What you need to do:
Everything from the line containing "Jingdida Shandong Weifang" down to the last line below should be set down exactly, and only that, without the pictures.

================================

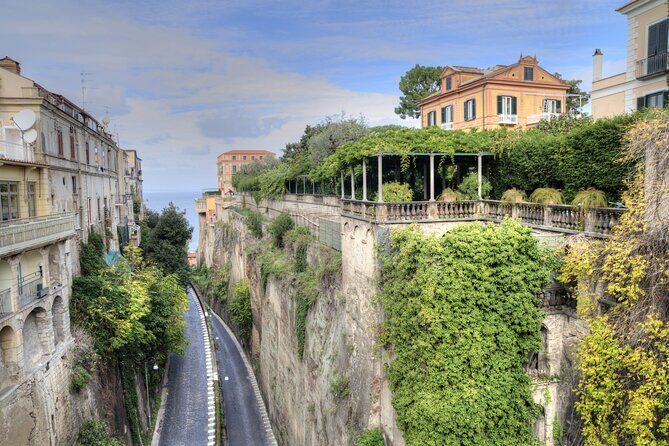 Sorrento Walking Tour & Limoncello Tasting - Authentic Experiences: What People Are Saying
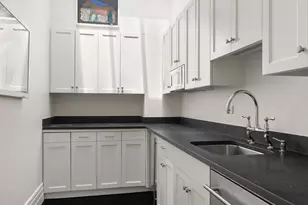 135 W 77th St, New York City, NY 10024 - Photo 28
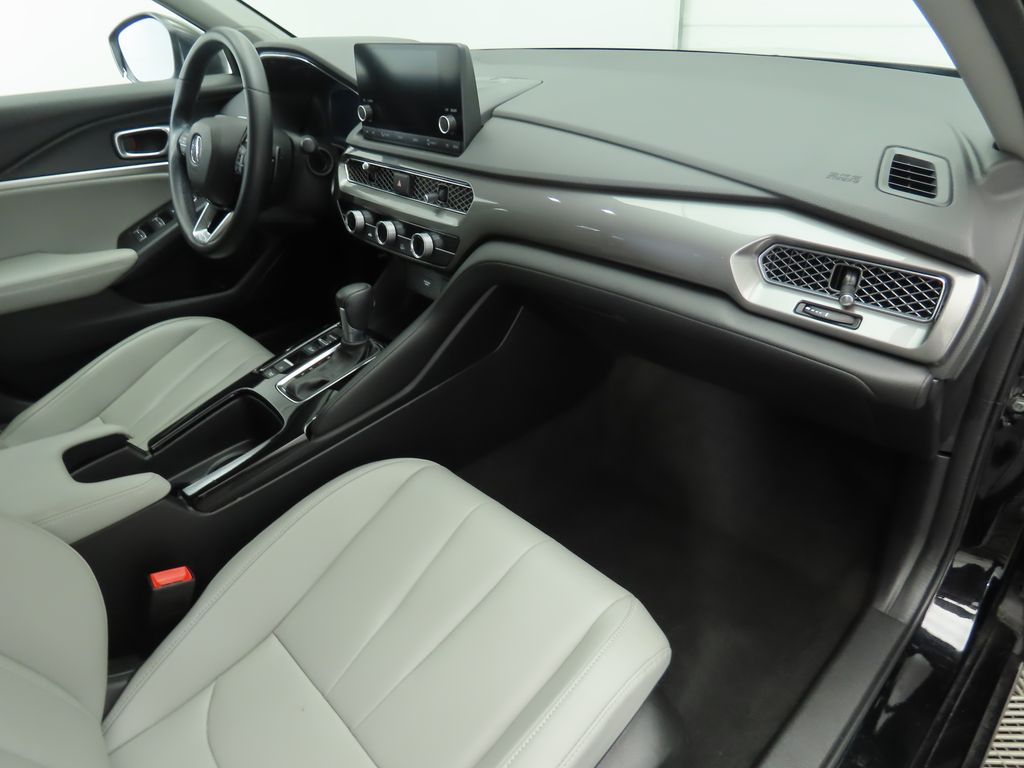 Thumbnail: 2023 Acura Integra - 15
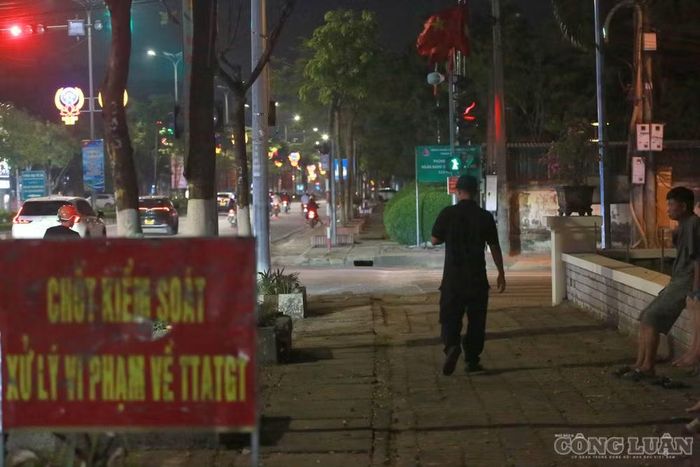 Mặc dù CSGT nhiều lần giải thích, yêu cầu phối hợp kiểm tra, tài xế vẫn không thực hiện việc thổi nồng độ cồn, sau đó đi ra ngoài gọi điện thoại.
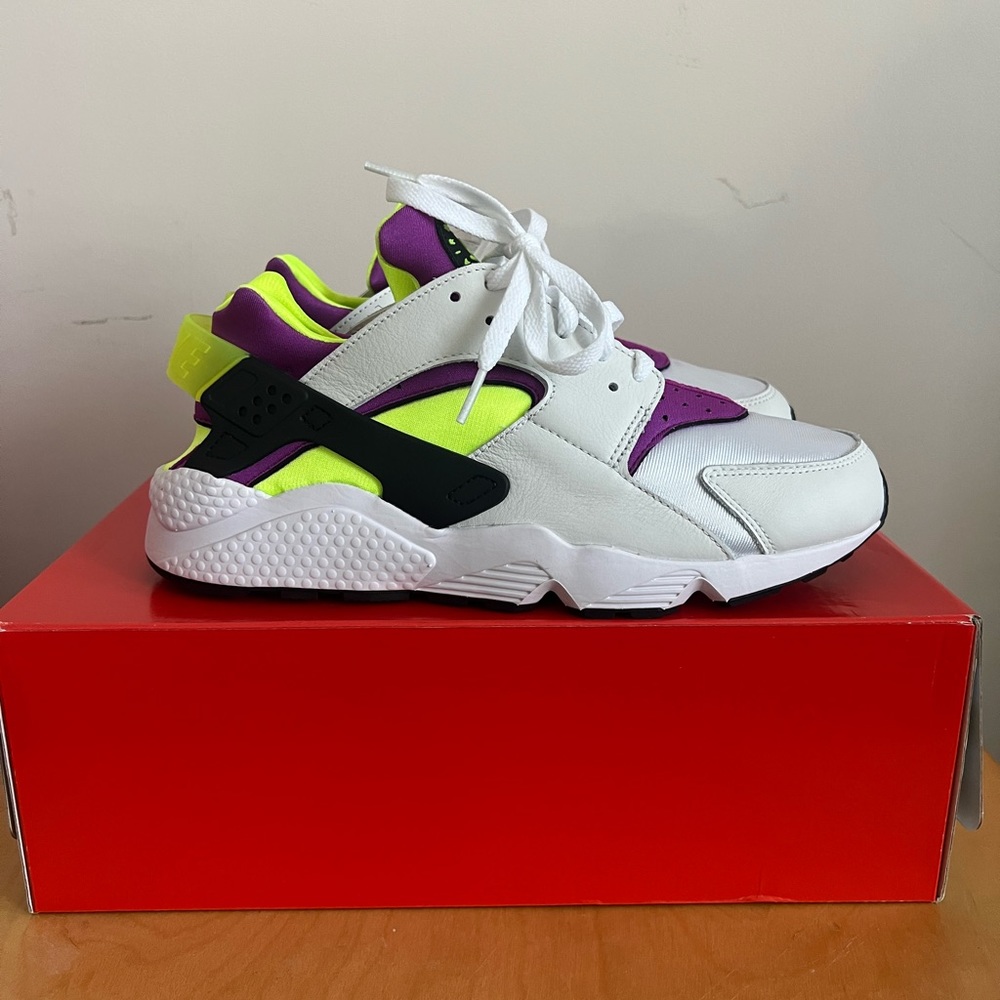Nike Air Hurache Brand New Size 10.5 - image 4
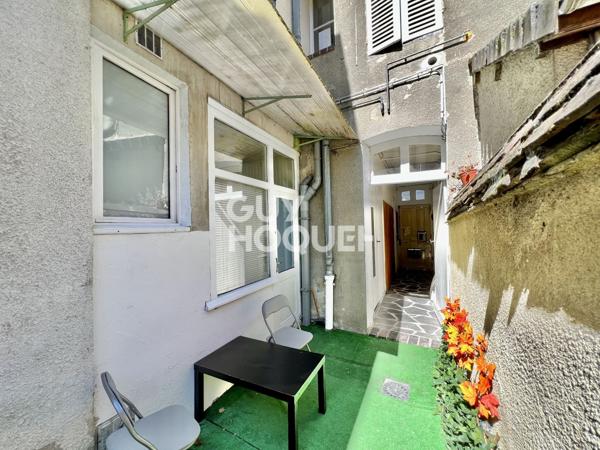 PROCHE LA CHAPELLE ROYALE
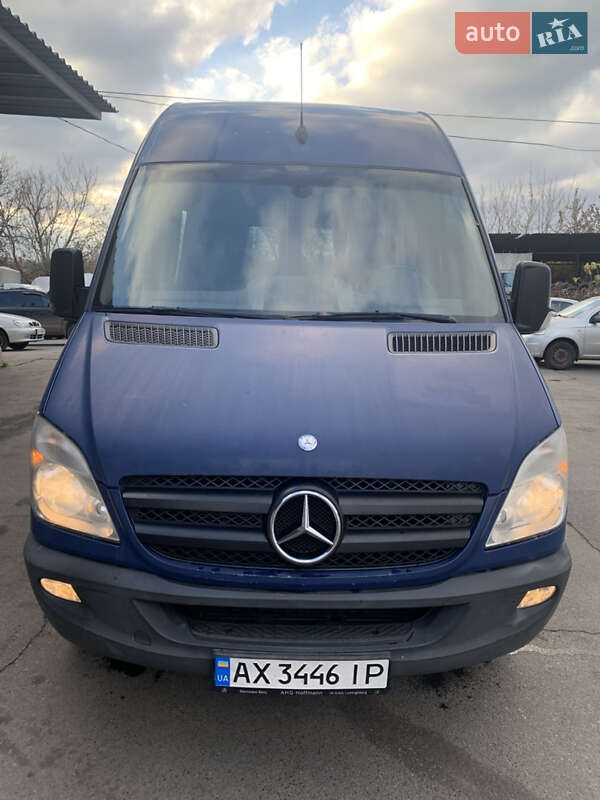 Mercedes-Benz Sprinter 2010 Mercedes-Benz Sprinter 2010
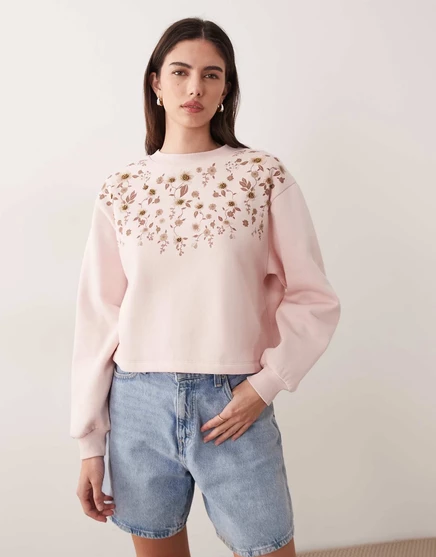 Толстовка Miss Selfridge в цветочек с украшением розового цвета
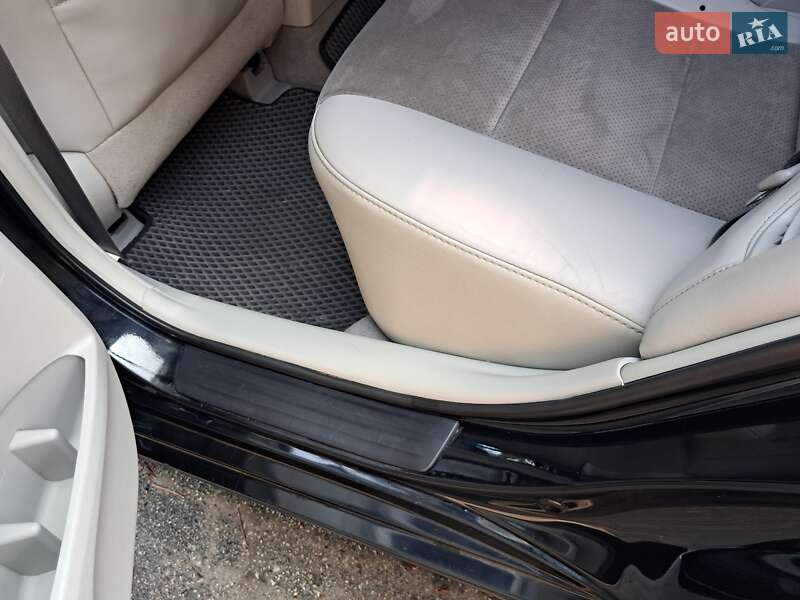 Седан Toyota Camry 2012 в Києві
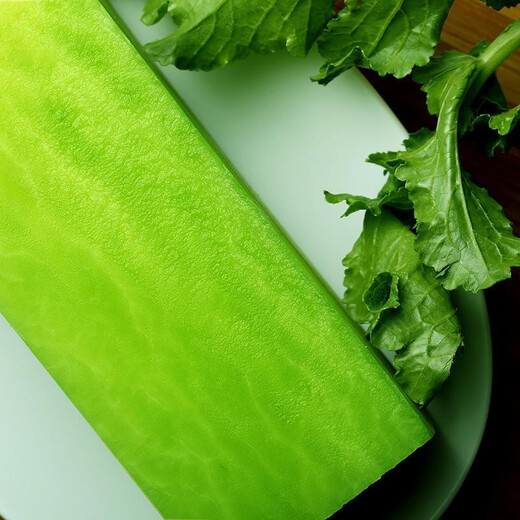 Jingdida Shandong Weifang radish net weight 4.5Jin Jin is equal to 0.5kg. Single fruit starts from 250g. Green radish Weixian radish is sent directly from the source.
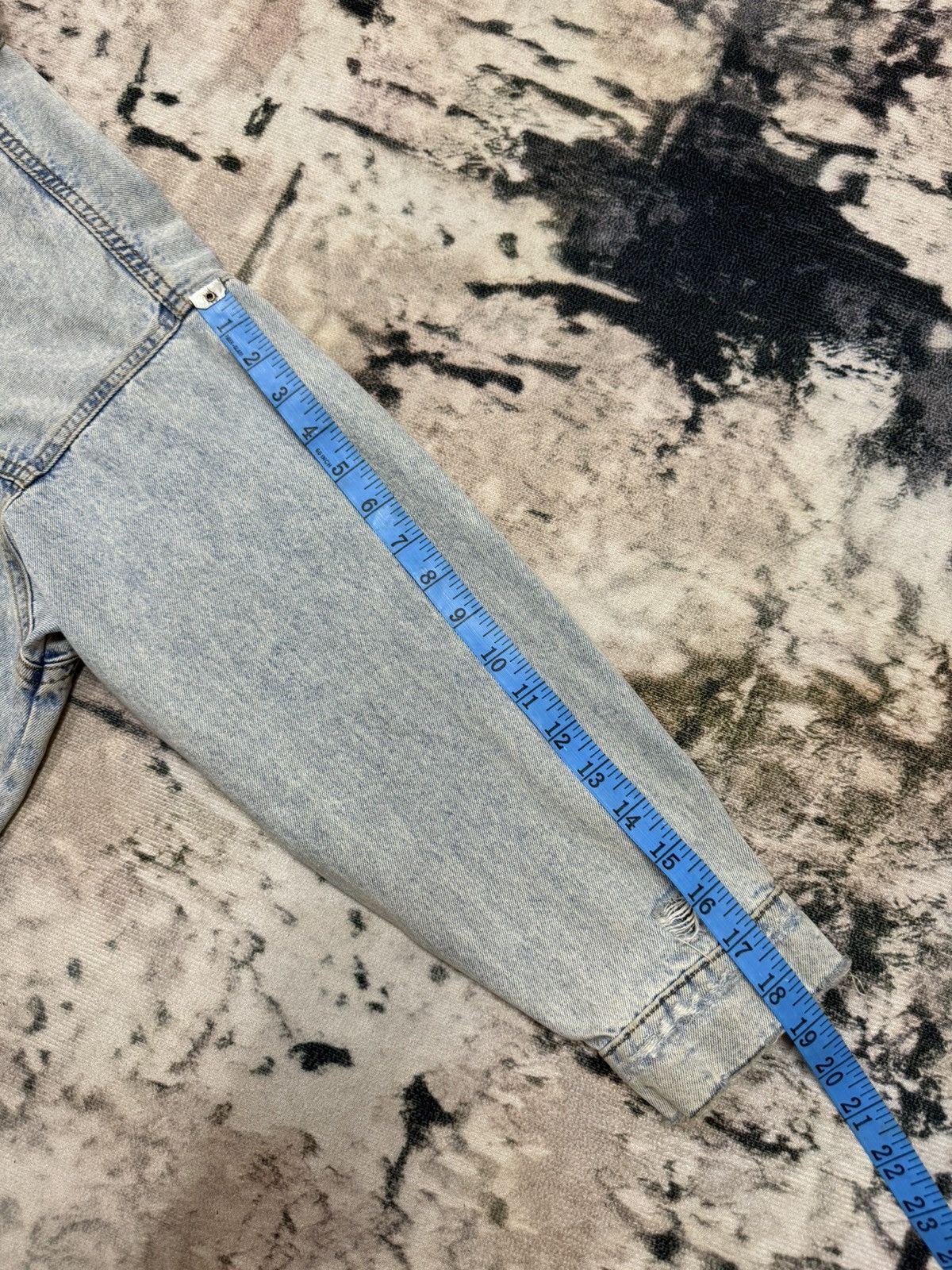 H&M & Denim Distressed Denim Jacket Size US M / EU 48-50 / 2 - 18 Thumbnail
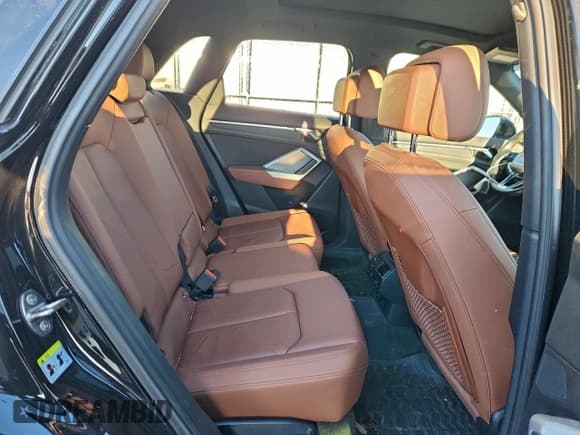 ✅ 2021 Audi Q3 Premium • VIN: WA1AUCF30M1148722 • Lot: 94169065. Wystawiony na Copart z przebiegiem 58 049 mil. Bezpłatny archiwum sprzedaży aukcyjnych z USA i szczegółowy raport historii pojazdu na DreamBid. Zdjęcie 11.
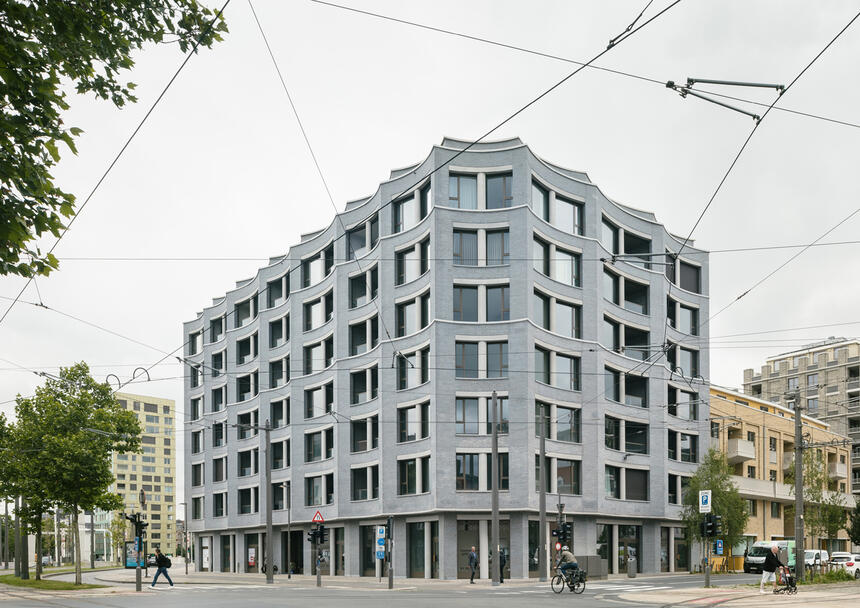 Apartment Building in the Docklands (Antwerpen, BE)
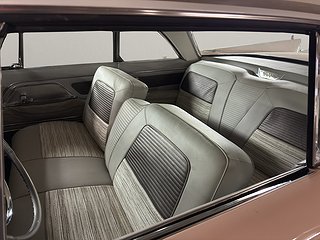 Sportkupé DeSoto Fireflite 18 av 18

================================

Output below:
 Jingdida Shandong Weifang radish net weight 4.5Jin Jin is equal to 0.5kg. Single fruit starts from 250g. Green radish Weixian radish is sent directly from the source.
 H&M & Denim Distressed Denim Jacket Size US M / EU 48-50 / 2 - 18 Thumbnail
 ✅ 2021 Audi Q3 Premium • VIN: WA1AUCF30M1148722 • Lot: 94169065. Wystawiony na Copart z przebiegiem 58 049 mil. Bezpłatny archiwum sprzedaży aukcyjnych z USA i szczegółowy raport historii pojazdu na DreamBid. Zdjęcie 11.
 Apartment Building in the Docklands (Antwerpen, BE)
 Sportkupé DeSoto Fireflite 18 av 18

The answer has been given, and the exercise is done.